A minute or two after we started, there was the first bench, and given a warmer day we might have sat to watch the hunt as they checked out the fields of the wide valley floor.
The flat-topped mass opposite is Penhill, it was streaked with snow and cast a chill. We moved on and warmed to our very gradual climb, under the pines, above some cliffs, bench by bench, along two miles of lofty limestone terrace, in dog walking time. There is a supposedly romantic myth concerning The Shawl. When the doomed Mary Queen of Scots was jailed at Bolton Castle, a few miles away, she was allowed out to hunt, so would have known the land. The queen escaped, headed Leyburn way, snagged said article of clothing on a thorn, and was caught by the dastardly English and their dogs. Is this more romantic than Lady Algitha’s Cave which is nearby?
We had our moment an hour or so later, but on with the walk.

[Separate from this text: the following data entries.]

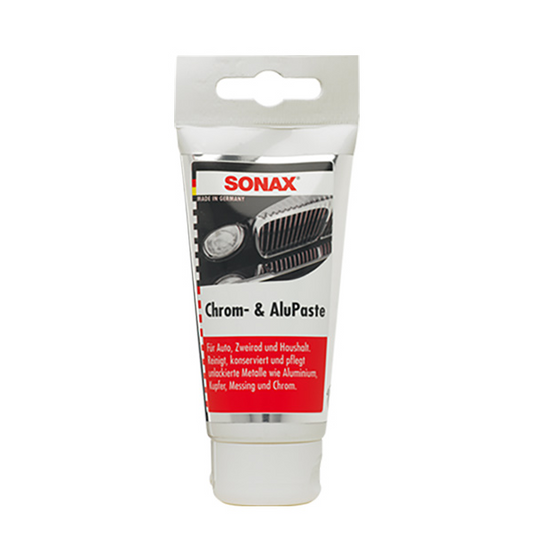 SONAX Pasta za hrom i aluminijum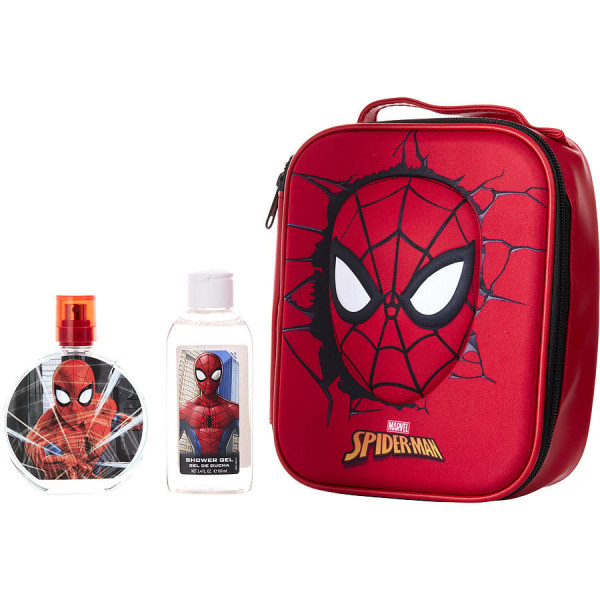 Spiderman+-+Marvel+Coffret+Cadeau+100+ml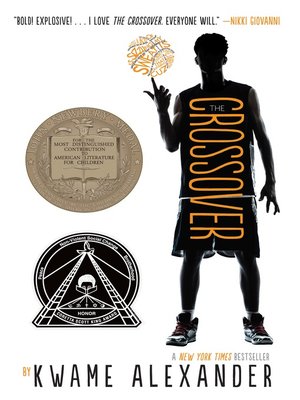 cover image of The Crossover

And it is, as you can see, a walk on a stalk, a lollipop shape. The end is not sticky and sweet but rather sombre and spooky. For there, backed up against rock faces, are the ruins of a large lead mine, from the rather nasty ivy-entangled subterranean engine house you wouldn’t want to topple into, to a towering and dicey-looking chimney. By now, and out quite late, the enthusiastic hunt was drawing the high-level woods, the hounds yelping.
This reminds me, you’ll notice that on a windless day the valley is a resonant sound box. A flock of gulls filled it with screaming. Sometimes the sound was the low irregular rhythms of heavy guns from the military firing ranges to the north.

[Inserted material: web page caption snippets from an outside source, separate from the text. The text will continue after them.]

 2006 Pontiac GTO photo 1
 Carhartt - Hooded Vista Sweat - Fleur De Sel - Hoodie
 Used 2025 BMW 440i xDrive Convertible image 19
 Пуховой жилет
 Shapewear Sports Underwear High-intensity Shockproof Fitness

And so came our magic moment. It was quite late, the sky dark, but slashed with a wide diagonal of orange sunlight that missed the snowy peaks but warmed a patch of valley floor. And through the light flew a flock of curlews, hundreds of them, and they filled the valley with their piping calls.
We got back to Leyburn, where there’s many a welcome, and popped into the walking shop where they had go-faster trekking poles and, more appropriate, green waterproof coats.
Fact file
Distance: Five miles.
General location: Yorkshire Dales.
Start: Leyburn.
Right of way: Public.
Dogs: Legal.
Date walked: January 2010.
Road route: A1, A684.
Car parking: Roadside or pay and display.
Lavatories: Leyburn.
Refreshments: Leyburn.
Tourist and public transport information: Leyburn TIC 01748 828747.

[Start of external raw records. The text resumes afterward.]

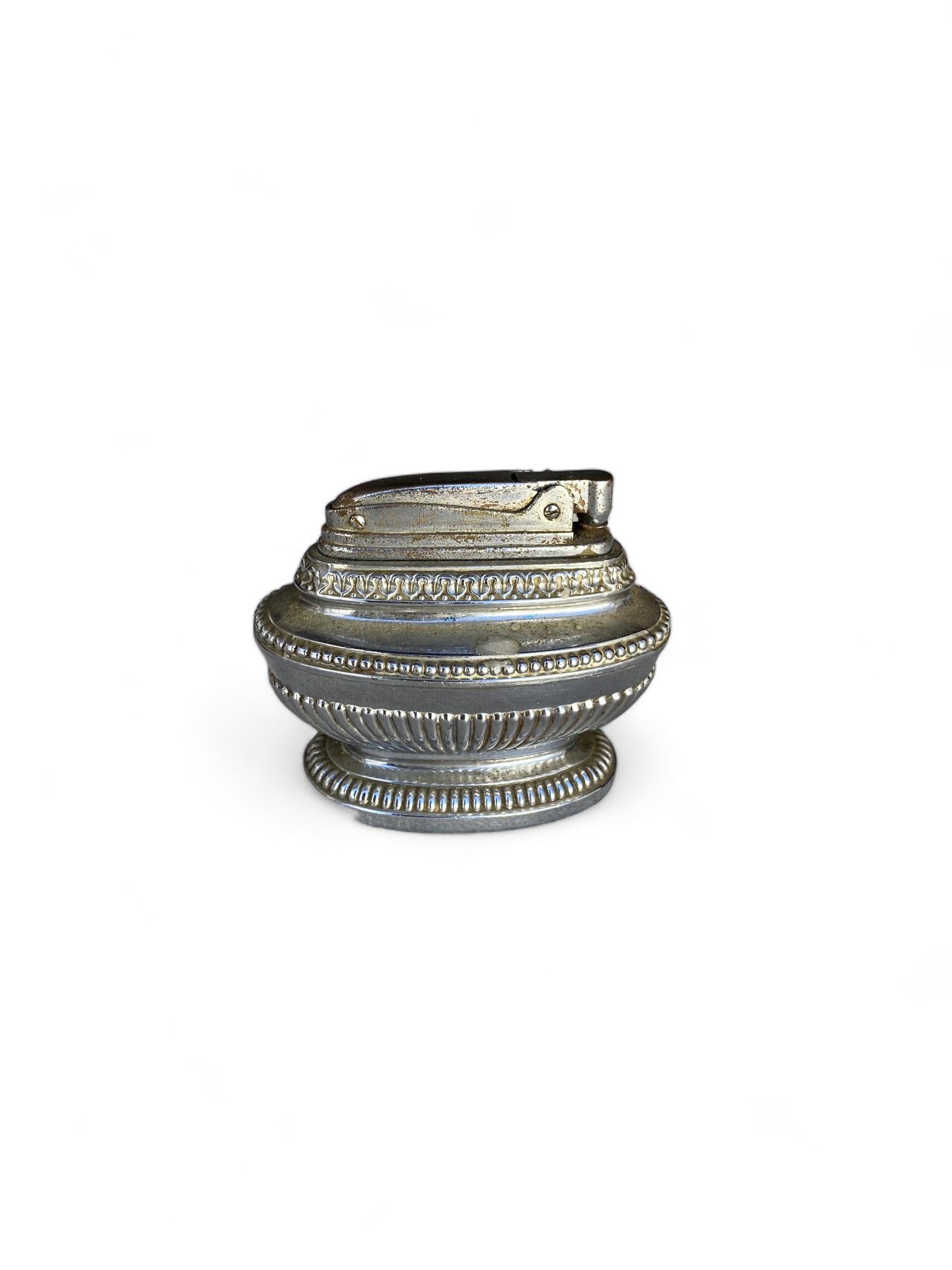 Vintage Ornate Kerosene Lighter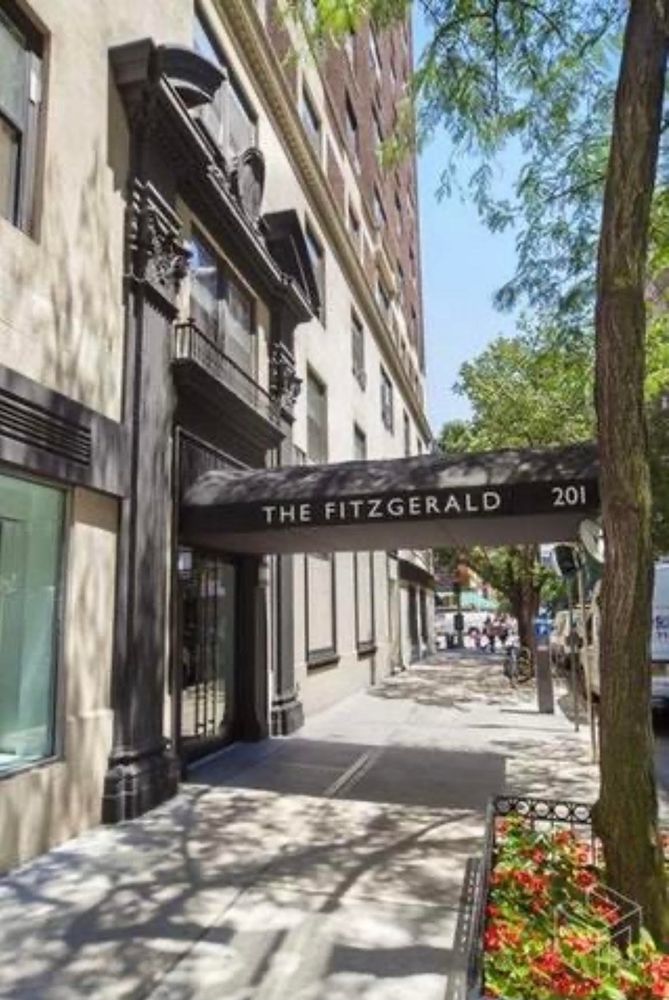 201 West 74th Street, Unit 16A Manhattan, NY 10023 - Photo 11 of 13 a front view of a building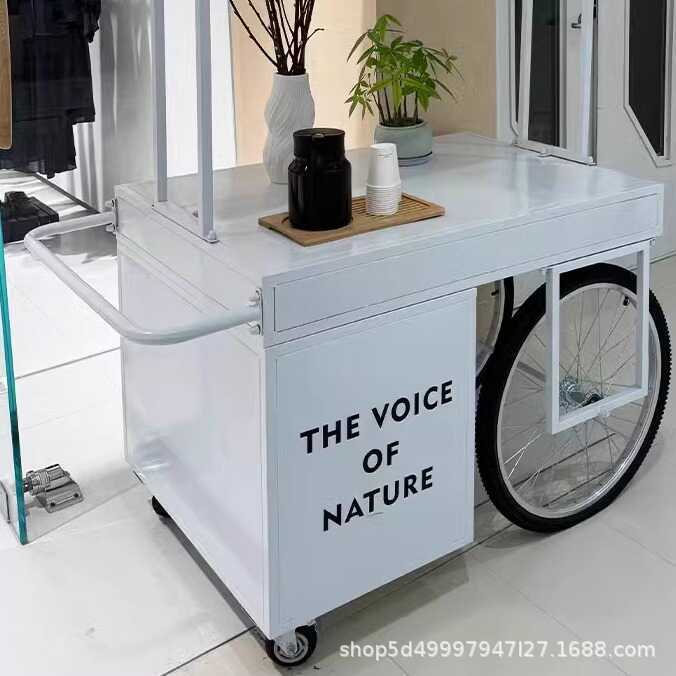 Customizable Stall Food Cart T - Snacks Food Stall avis et prix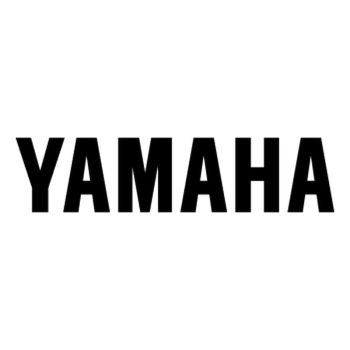 Yamaha logo 2013 Decal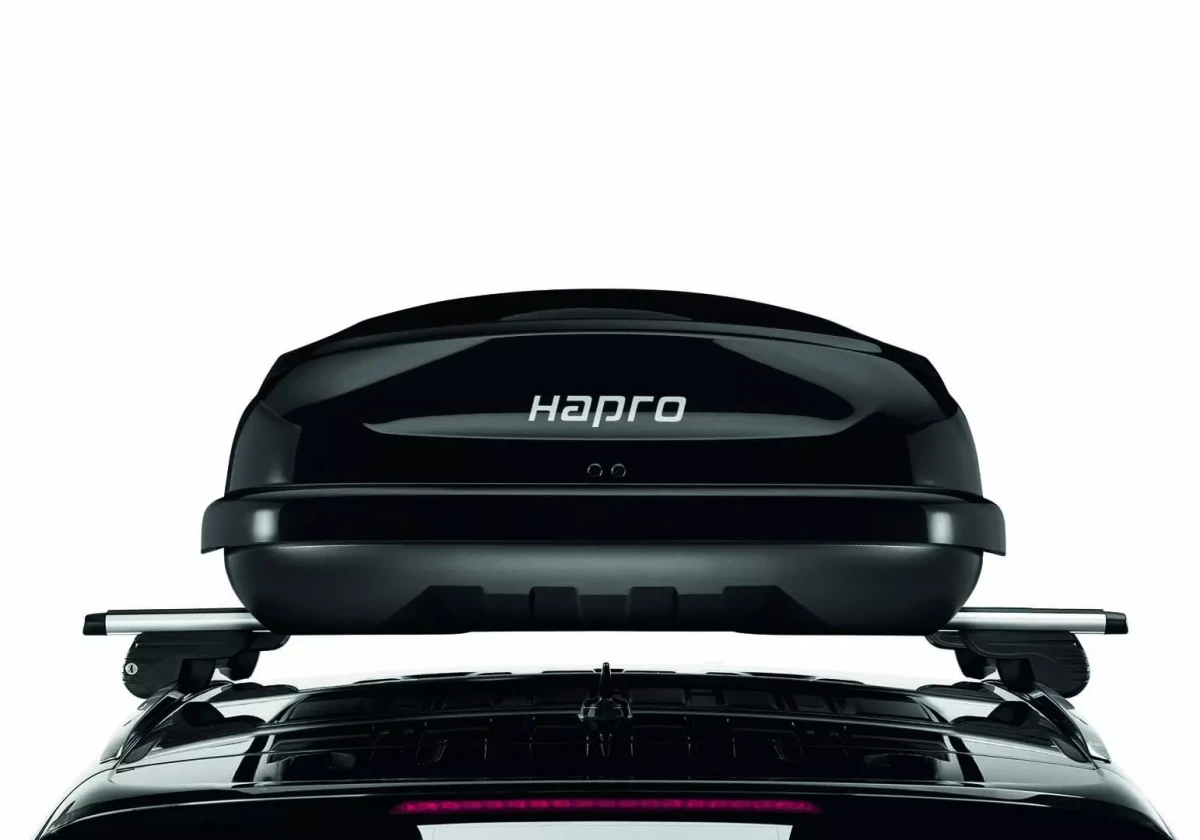 Buy Hapro Cruiser 10.8 Brilliant Black box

Map: Drawn from OL Explorer OL30 Yorkshire Dales northern and central.
Terrain: Valley side.
Difficulty: Moderate.
Please observe the Country Code and park sensibly. While every effort is made to provide accurate information, walkers set out at their own risk.
Directions
When in doubt look at the map. Check your position at each point.
Keep straight on unless otherwise directed.
1From Memorial Cross, cross road (ornate metal fingerpost The Shawl), 100 yards, dead-end road (signed), 150 yards, left then right.
2 Through snickelgate on to The Shawl path (sign), four successive gates.
3Stile out of wood (two waymarks), downhill 50 yards, snickelgate on left (waymark), one o’clock on grassy path, snickelgate (waymark), two o’clock across field, snickelgate 4 Contour across field and head for wood and 11 o’clock when two thirds across, snickelgate (waymark). Left to track downhill, fieldgate 5 At four-way tracks junction, either downhill on track to see lead mine and return. Or left through farmyard (waymark post), fieldgate, fieldgate out of farmyard, stay on track by wall, four successive fieldgates.
6 At fieldgate with angled waymark, 100 yards on track then ten o’clock on grassy path uphill across field to join track outside wood, fieldgate/squeezer (waymark). Rejoin outward route at top of hill.